Only the lines below starting at the one that contains "行业主力资金净流入额.png" and ending at the one that contains "synonyms-common-verbs-esl-worksheet-by-yolipandi" are to be reproduced, exactly and with both ends kept.
*** Records supplied Section Begins ***
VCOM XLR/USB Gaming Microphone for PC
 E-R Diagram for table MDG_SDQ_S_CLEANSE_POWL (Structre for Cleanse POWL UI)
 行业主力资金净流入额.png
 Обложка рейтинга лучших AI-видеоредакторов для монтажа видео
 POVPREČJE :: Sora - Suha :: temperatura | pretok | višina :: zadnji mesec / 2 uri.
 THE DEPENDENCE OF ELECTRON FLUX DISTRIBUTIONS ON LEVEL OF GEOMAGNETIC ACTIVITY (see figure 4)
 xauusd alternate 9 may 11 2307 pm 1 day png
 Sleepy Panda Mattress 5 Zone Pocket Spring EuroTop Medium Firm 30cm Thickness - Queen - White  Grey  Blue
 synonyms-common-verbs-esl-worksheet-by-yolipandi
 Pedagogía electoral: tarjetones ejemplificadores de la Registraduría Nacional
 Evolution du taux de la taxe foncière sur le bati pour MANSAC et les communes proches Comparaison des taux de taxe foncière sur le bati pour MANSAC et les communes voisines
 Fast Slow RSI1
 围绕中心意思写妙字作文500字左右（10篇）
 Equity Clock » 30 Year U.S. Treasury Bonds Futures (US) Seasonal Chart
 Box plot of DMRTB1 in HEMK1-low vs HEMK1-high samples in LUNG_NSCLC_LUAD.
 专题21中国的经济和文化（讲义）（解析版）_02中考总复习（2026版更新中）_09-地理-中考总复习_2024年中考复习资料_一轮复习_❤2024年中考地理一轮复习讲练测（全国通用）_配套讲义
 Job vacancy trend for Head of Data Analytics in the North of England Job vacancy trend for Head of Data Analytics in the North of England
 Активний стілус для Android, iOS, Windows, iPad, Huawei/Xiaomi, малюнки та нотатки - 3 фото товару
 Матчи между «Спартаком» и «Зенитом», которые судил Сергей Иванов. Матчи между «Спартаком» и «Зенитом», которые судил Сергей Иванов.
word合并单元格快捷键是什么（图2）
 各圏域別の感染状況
*** Records supplied Section Ends ***
• _Answer to this task_
 行业主力资金净流入额.png
 Обложка рейтинга лучших AI-видеоредакторов для монтажа видео
 POVPREČJE :: Sora - Suha :: temperatura | pretok | višina :: zadnji mesec / 2 uri.
 THE DEPENDENCE OF ELECTRON FLUX DISTRIBUTIONS ON LEVEL OF GEOMAGNETIC ACTIVITY (see figure 4)
 xauusd alternate 9 may 11 2307 pm 1 day png
 Sleepy Panda Mattress 5 Zone Pocket Spring EuroTop Medium Firm 30cm Thickness - Queen - White  Grey  Blue
 synonyms-common-verbs-esl-worksheet-by-yolipandi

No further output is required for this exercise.